TASK DESCRIPTION: Copy out all the entries exactly.
(RECORDS FOR THE EXERCISE Opens)
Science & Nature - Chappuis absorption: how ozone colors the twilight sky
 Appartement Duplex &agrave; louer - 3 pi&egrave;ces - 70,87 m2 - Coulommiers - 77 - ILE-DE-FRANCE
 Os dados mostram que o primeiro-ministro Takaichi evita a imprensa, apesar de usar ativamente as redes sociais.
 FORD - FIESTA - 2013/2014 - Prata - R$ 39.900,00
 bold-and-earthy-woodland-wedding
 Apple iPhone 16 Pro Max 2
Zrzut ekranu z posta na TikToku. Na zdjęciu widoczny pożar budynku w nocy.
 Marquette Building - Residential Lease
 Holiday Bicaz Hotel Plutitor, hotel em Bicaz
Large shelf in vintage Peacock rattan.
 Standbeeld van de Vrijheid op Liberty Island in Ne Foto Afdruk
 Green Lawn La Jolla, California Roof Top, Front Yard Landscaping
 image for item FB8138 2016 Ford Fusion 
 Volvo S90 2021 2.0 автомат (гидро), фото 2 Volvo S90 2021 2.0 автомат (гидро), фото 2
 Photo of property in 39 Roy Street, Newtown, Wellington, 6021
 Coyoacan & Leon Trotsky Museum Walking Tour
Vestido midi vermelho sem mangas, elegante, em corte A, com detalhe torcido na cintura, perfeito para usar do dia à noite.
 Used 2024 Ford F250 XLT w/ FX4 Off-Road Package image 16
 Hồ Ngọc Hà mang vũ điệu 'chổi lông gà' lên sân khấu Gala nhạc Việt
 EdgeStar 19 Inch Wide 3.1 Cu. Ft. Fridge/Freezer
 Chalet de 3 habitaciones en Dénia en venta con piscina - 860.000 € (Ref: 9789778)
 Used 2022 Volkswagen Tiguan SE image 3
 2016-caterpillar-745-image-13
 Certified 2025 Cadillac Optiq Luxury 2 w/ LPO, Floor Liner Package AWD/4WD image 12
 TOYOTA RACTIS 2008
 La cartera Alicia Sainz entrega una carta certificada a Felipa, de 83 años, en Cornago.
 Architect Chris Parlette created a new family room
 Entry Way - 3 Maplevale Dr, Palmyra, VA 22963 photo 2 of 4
(RECORDS FOR THE EXERCISE Closes)
EXERCISE ANSWER:
Science & Nature - Chappuis absorption: how ozone colors the twilight sky
 Appartement Duplex &agrave; louer - 3 pi&egrave;ces - 70,87 m2 - Coulommiers - 77 - ILE-DE-FRANCE
 Os dados mostram que o primeiro-ministro Takaichi evita a imprensa, apesar de usar ativamente as redes sociais.
 FORD - FIESTA - 2013/2014 - Prata - R$ 39.900,00
 bold-and-earthy-woodland-wedding
 Apple iPhone 16 Pro Max 2
Zrzut ekranu z posta na TikToku. Na zdjęciu widoczny pożar budynku w nocy.
 Marquette Building - Residential Lease
 Holiday Bicaz Hotel Plutitor, hotel em Bicaz
Large shelf in vintage Peacock rattan.
 Standbeeld van de Vrijheid op Liberty Island in Ne Foto Afdruk
 Green Lawn La Jolla, California Roof Top, Front Yard Landscaping
 image for item FB8138 2016 Ford Fusion 
 Volvo S90 2021 2.0 автомат (гидро), фото 2 Volvo S90 2021 2.0 автомат (гидро), фото 2
 Photo of property in 39 Roy Street, Newtown, Wellington, 6021
 Coyoacan & Leon Trotsky Museum Walking Tour
Vestido midi vermelho sem mangas, elegante, em corte A, com detalhe torcido na cintura, perfeito para usar do dia à noite.
 Used 2024 Ford F250 XLT w/ FX4 Off-Road Package image 16
 Hồ Ngọc Hà mang vũ điệu 'chổi lông gà' lên sân khấu Gala nhạc Việt
 EdgeStar 19 Inch Wide 3.1 Cu. Ft. Fridge/Freezer
 Chalet de 3 habitaciones en Dénia en venta con piscina - 860.000 € (Ref: 9789778)
 Used 2022 Volkswagen Tiguan SE image 3
 2016-caterpillar-745-image-13
 Certified 2025 Cadillac Optiq Luxury 2 w/ LPO, Floor Liner Package AWD/4WD image 12
 TOYOTA RACTIS 2008
 La cartera Alicia Sainz entrega una carta certificada a Felipa, de 83 años, en Cornago.
 Architect Chris Parlette created a new family room
 Entry Way - 3 Maplevale Dr, Palmyra, VA 22963 photo 2 of 4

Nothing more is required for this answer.